O tráfico proveniente das Rocinhas é uma desgraça. Há, porém, um tráfico mais devastador. O tráfico de drogas destrói indivíduos, o tráfico de influência nos gabinetes e salões do poder arrasa multidões, mais de 200 milhões de seres roubados em dinheiro e em direitos pelos negócios do suborno e da influência.

Os delinquentes de todas as Rocinhas matam. Muito. E o fazem, é verdade, com indiferença e perversidade. Pensar que a airosa Fortaleza é a quinta entre as dez cidades mais violentas das Américas, sendo o Rio a décima e última, parece estatística de economista.

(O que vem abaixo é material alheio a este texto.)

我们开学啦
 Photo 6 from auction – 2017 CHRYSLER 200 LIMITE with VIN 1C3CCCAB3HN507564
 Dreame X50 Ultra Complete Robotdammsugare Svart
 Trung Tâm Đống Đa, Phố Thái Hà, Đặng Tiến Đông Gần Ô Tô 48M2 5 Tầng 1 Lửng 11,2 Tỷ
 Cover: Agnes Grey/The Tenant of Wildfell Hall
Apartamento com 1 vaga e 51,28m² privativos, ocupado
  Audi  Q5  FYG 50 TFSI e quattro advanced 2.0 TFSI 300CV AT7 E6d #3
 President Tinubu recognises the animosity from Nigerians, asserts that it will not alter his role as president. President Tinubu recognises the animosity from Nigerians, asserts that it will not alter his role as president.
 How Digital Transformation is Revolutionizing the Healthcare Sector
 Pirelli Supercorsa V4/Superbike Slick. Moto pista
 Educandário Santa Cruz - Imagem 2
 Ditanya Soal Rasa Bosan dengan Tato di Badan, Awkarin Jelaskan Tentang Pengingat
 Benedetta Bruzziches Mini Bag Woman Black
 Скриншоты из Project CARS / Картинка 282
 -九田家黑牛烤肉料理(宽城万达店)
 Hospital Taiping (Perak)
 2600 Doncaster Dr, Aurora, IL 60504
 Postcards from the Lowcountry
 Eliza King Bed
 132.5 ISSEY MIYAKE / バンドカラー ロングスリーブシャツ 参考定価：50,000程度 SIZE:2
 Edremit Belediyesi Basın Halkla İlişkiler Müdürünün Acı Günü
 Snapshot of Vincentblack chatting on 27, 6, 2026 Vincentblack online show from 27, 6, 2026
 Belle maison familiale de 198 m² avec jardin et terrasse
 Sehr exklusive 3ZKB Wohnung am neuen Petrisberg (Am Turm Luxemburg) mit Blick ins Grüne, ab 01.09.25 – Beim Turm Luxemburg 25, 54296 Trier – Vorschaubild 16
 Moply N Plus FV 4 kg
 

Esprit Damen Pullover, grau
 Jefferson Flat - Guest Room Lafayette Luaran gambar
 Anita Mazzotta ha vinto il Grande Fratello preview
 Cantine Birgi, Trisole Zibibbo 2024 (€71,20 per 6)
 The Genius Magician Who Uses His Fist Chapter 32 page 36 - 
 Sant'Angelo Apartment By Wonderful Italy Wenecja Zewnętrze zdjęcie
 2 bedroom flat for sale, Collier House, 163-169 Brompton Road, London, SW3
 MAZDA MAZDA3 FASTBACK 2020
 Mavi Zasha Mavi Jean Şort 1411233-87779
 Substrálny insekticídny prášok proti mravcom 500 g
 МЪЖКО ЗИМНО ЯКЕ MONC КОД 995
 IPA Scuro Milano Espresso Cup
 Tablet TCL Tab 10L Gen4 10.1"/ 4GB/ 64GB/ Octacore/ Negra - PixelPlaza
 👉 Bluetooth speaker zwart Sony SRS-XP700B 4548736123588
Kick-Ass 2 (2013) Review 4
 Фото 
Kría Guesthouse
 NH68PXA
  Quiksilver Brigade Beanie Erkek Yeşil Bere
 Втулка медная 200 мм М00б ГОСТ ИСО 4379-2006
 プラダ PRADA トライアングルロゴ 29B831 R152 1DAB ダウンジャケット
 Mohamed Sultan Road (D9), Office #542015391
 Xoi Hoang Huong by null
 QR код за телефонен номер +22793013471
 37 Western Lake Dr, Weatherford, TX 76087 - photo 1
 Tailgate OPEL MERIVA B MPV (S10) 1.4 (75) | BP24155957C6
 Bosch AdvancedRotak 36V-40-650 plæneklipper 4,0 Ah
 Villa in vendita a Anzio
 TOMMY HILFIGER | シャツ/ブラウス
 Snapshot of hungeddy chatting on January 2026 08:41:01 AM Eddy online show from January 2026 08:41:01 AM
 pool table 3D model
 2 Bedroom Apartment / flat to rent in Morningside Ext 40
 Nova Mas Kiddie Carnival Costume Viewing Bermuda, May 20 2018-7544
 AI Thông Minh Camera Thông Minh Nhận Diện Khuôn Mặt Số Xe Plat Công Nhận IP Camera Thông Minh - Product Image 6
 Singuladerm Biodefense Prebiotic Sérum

O homicídio originário das Rocinhas cresce e se espalha, incontrolável. Em paralelo ao homicídio que não leva esse nome, para proteger seus culpados. E que assassina com as armas letais que são a ausência de remédios para transplantados, HIV, diabéticos, tuberculosos, cardíacos, e tantos mais, por "falta de verba" que ricaços no poder cortaram.

Quando não é a morte assim, é a tortura pela espera de leito hospitalar, pelos meses à espera de um teste de câncer, pelos meses à espera da cirurgia. Pela espera impiedosa da morte. Decretada nas altitudes luxuosas de Brasília, nas roubalheiras cabralinas não só fluminenses, e muitas vezes autorizadas pela maioria de travestis do Congresso – bandidos passando-se por representantes do povo. Os homicídios dos delinquentes das Rocinhas em geral são muito menos numerosos.

A insegurança urbana é indignante e injusta. Até filas de emprego são assaltadas, bandidos pobres roubando pobres trabalhadores. Mas a delinquência que sai das Rocinhas, e transtorna as suas cidades, generaliza espantos e horrores. Uma caverna com R$ 51 milhões tomados pela delinquência armada de poder político, ah, essa excita o bom humor. E a criminalidade das Rocinhas não é subproduto da delinquência engravatada, indiferente às suas vítimas tal como a delinquência urbana? Ambas tão comuns, tão antigas, consanguíneas, diferentes apenas na extensão em que infelicitam o presente e o futuro país.

Como sempre

Apesar das muitas críticas ao governador Luiz Fernando Pezão, ao proibir a intervenção policial na guerra de bandos, domingo passado na Rocinha, ele por certo evitou uma mortandade inútil no que seriam os três lados do tiroteio. E, pior, nos alvejados pelas ditas balas perdidas.

Na intervenção agora consumada, mais uma vez o Exército mostra, desde as primeiras decisões, que ainda não compreendeu o problema e, portanto, as suas possibilidades. Erros que se repetem desde a cúpula ambiental Rio-92. É demais.